Y a-t-il dans ce roman des traces d’un quelconque regard belge, alors que l’action s’inscrit dans la province française puis s’échappe à Londres avant de revenir finalement à la Ville-Lumière ? Oui, mais pas un regard d’écrivain ; de peintre. t’Serstevens pourrait signer James Ensor sa description carnavalesque de la sarabande des hâbleurs qui agitent le célèbre coin de Hyde Park, « les uns brandissant des croix, les autres des bannières, des cryptogrammes, des parapluies et des sceptres, des goupillons ou des longues-vues, arborant à leurs chefs triangles, cercles, losanges, dodécaèdres, appuyés de clairons, de timbales, de cornemuses, de pianos moroses, de saxophones quinteux ; mais tous certifiant l’absolu de leurs inspirations, l’intégrale vérité de leurs dires[…] » ? Et aussi Masereel, sa description de l’homoncule écrasé par la grande ville qui « l’enveloppait, terrible, innombrable, houleuse comme une mer : il allait à la dérive, réduit à son pauvre idéal mal arrimé, à l’épave battue, crevée sans calfatage, que représentaient ses espérances débiles et sa volonté chancelante ».

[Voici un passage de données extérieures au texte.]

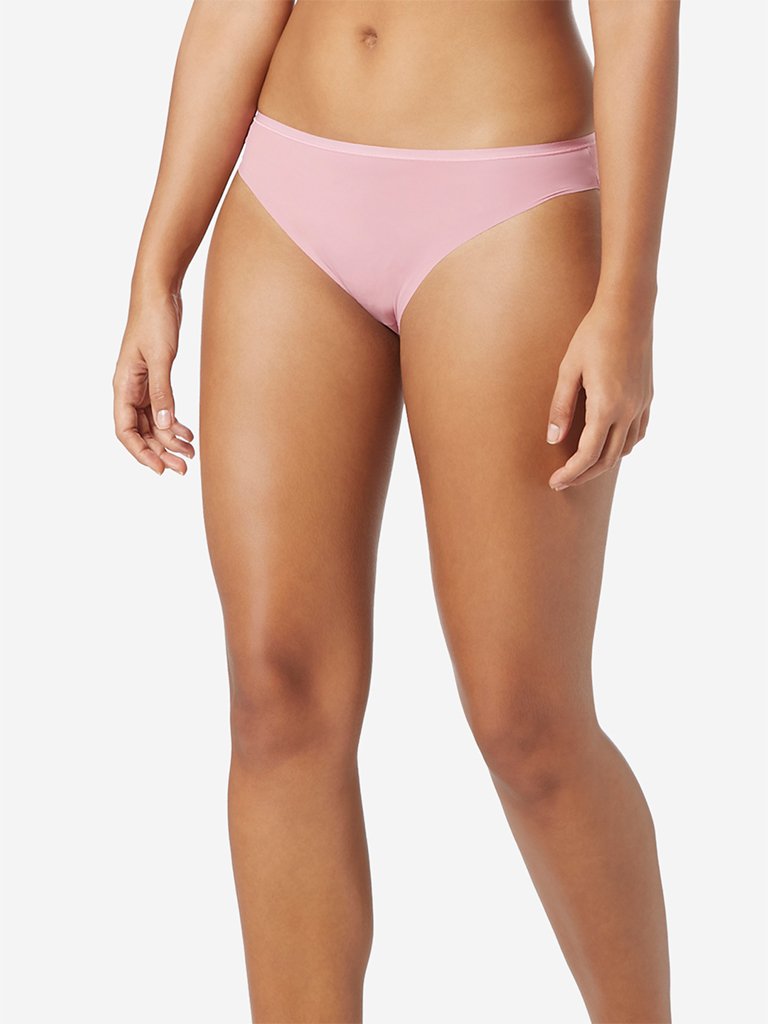 Wunderlove Dusty Pink Invisible High-Leg Briefs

L’essai de Jean-Pierre Martinet, reproduit à la suite du texte, n’évoque pas cette dimension picturale essentielle dans l’approche sensible du roman. Il étourdit plutôt le lecteur à coups de références, de comparaisons et de rapprochements, comme si ce name dropping était nécessaire à l’intégration de t’Serstevens dans « la grande littérature ». Au moins Martinet, outsider génial s’il en fut, était-il vraiment à même de comprendre qu’avec Albert t’Serstevens, on avait affaire à « un homme doué pour le bonheur, ce qui n’est guère fréquent chez les écrivains : le sel sur la peau, les pays inconnus, la tendresse des femmes, la littérature goûtée en gourmet, voilà qui lui paraît bien suffisant pour justifier une vie ».
Inféodé à nul parti ni idéologie réactionnaires, t’Serstevens n’aura écrit Un apostolat que pour en dégager l’expérience lucide de sa désillusion. Une leçon d’écriture et de liberté, dispensée par un des meilleurs maîtres qui soit – de ceux qui vous somment de vous dépêcher d’oublier ce qu’ils viennent de vous inculquer. « Oui, murmura-t-il, quel tas de blagues… »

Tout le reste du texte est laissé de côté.